Journalists Harold Ross and Jane Grant founded the New Yorker magazine in 1925, but another weekly journal with that same name debuted on the streets of the city over 90 years earlier. It was a short-lived publication, existing not more than a few years, but it helped sharpen the talents of its young publisher, Horace Greeley.
At age 23, Greeley (at right) embarked on the venture on March 1834 with a rather modern objective — to be politically neutral. (Don’t they all start out that way?) And studious in its presentation, to the letter. “If there is a thing that will make Horace furious,” according to one of his proof-readers, “It is to have a name spelt wrong, or a mistake in election returns.”
Despite that, Greeley’s New Yorker was a very traditional publication, exhibiting none of the zest of the penny press, rows of staid columns of text, formal headlines and a very austere masthead. (You can read one volume of articles here.)
Greeley often supplemented the journal’s reporting with his own poetry. Eventually, objectivity went out the window as his views on such topics as capital punishment and slavery were soon made clear to readers, but the paper would never exhibit the type of showy grandstanding of Benjamin Day’s far more successful New York Sun newspaper, started just the year before.
From an early biography of Greeley: “Were Greeley and Co. making their fortune meanwhile? Far from it.

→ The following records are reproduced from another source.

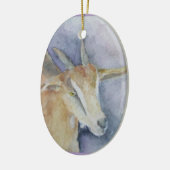 Waterverf Geitornament Keramisch Ornament (Links)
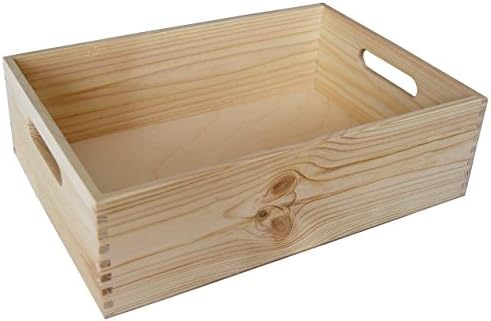 5 x WOODEN CRATE WITH HANDLES PLAIN WOOD DECOUPAGE BIG Nice Set
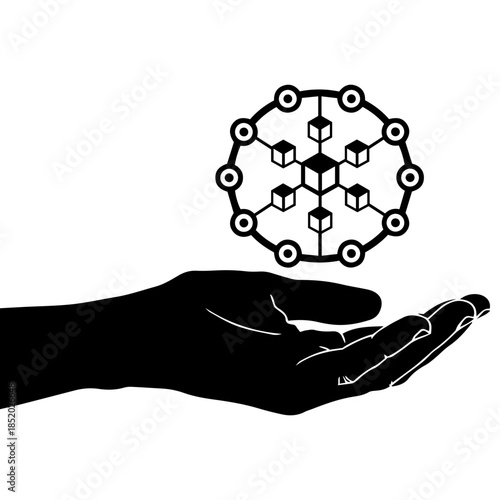 Minimalist black hand icon presenting blockchain cube and digital nodes
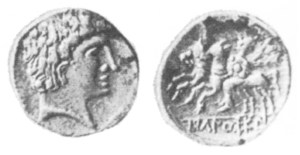 Denario de IKaLKuSKen, fotografía F.Chaves: "Los Tesoros en el Sur de Hispania"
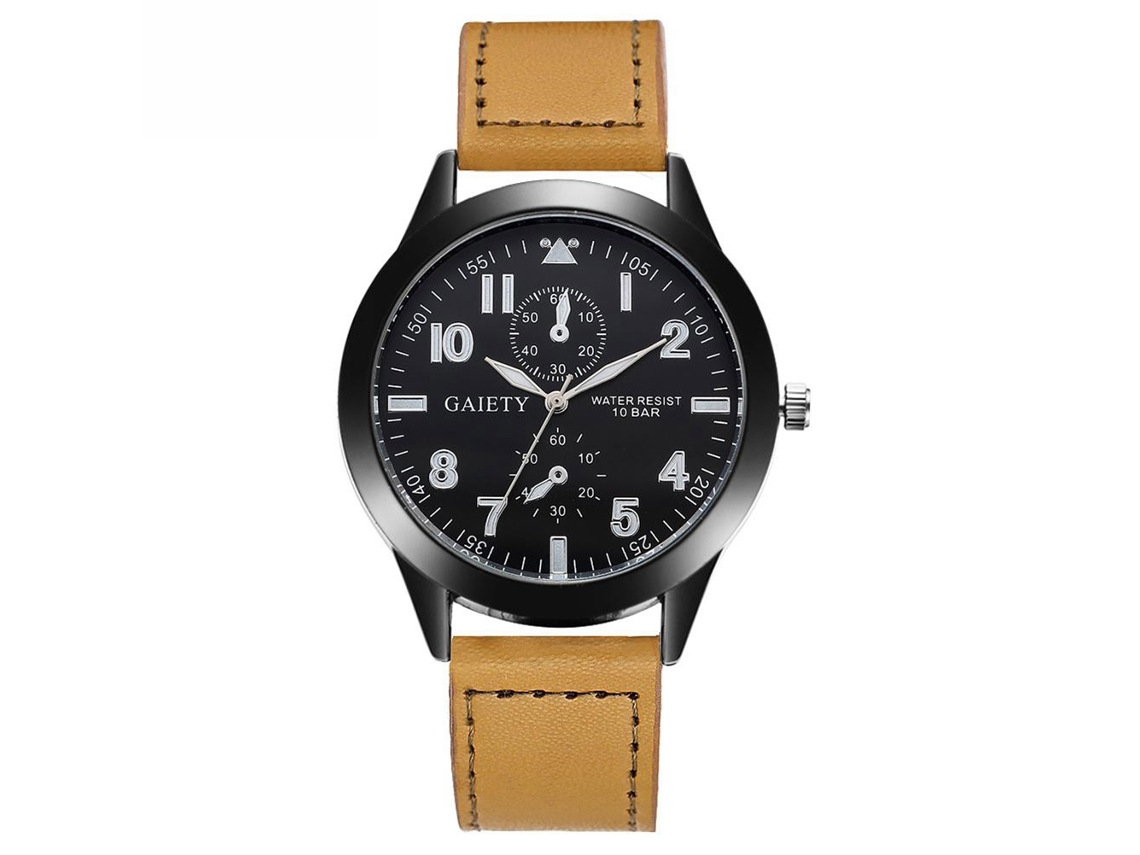 Reloj Hombre De Negocios Gaiety Analógico Dial Redondo Cuarzo Pulsera (caqui)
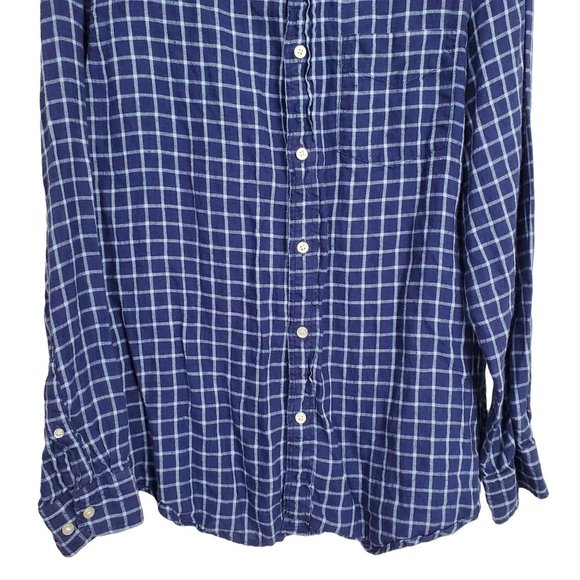 Banana Republic Mens Size L Shirt 100% Linen Camden Standard Fit Windowpane Blue - Picture 4 of 12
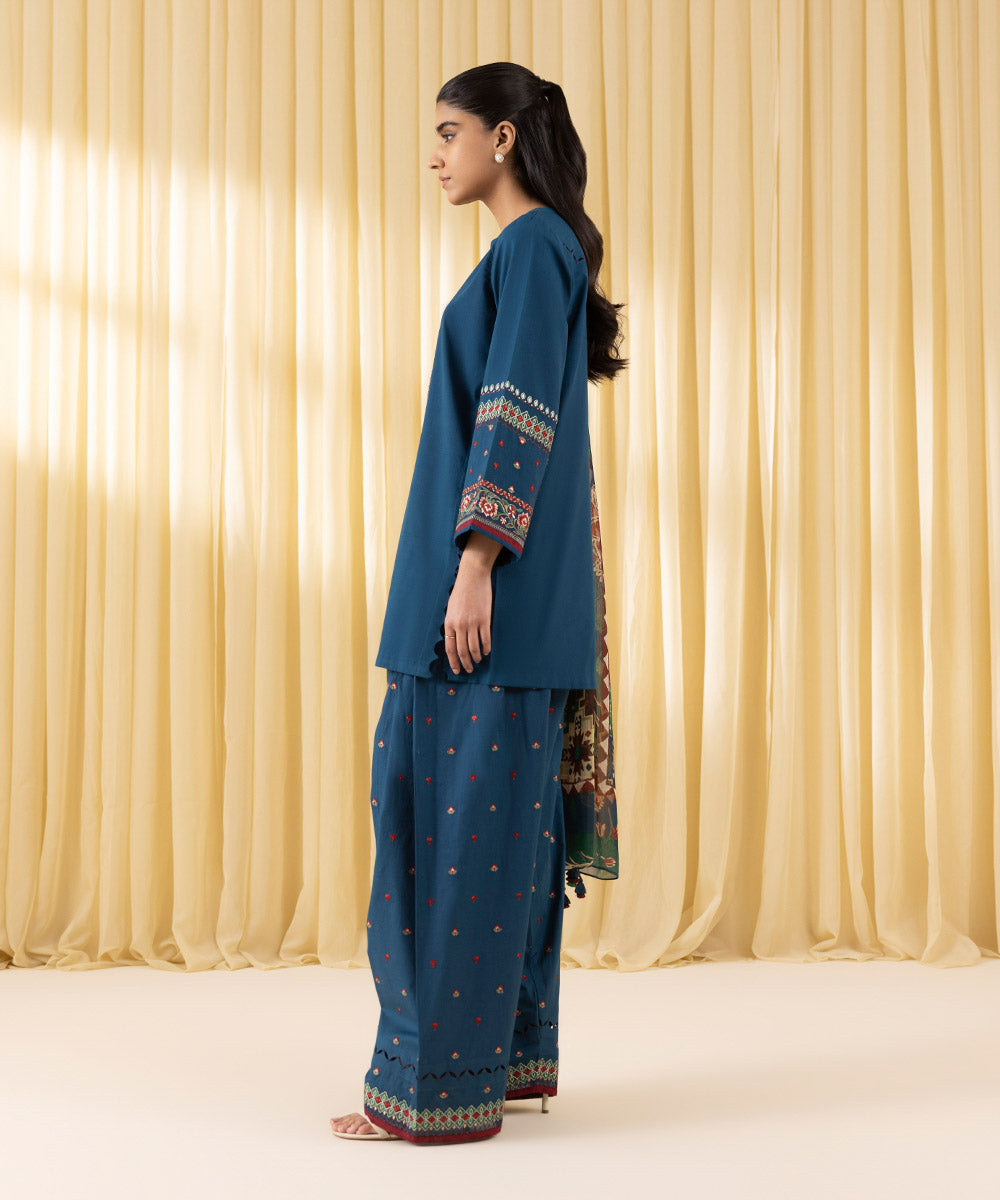 Unstitched Women's Blue Textured Lawn 3 Piece Suit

To edit a paper well is one thing; to make it pay as a business is another.”
The journal only lasted for a few years, and by 1841, Greeley was off on a more exciting, a more opinionated and a far more profitable venture — the New York Tribune.
But on top of giving Greeley a fledgling publication for him to cut his teeth on, the first New Yorker also gave American journalism another prominent figure: young Henry Jarvis Raymond, one of Greeley’s reporters who later went on (in 1851) to found the New York Times.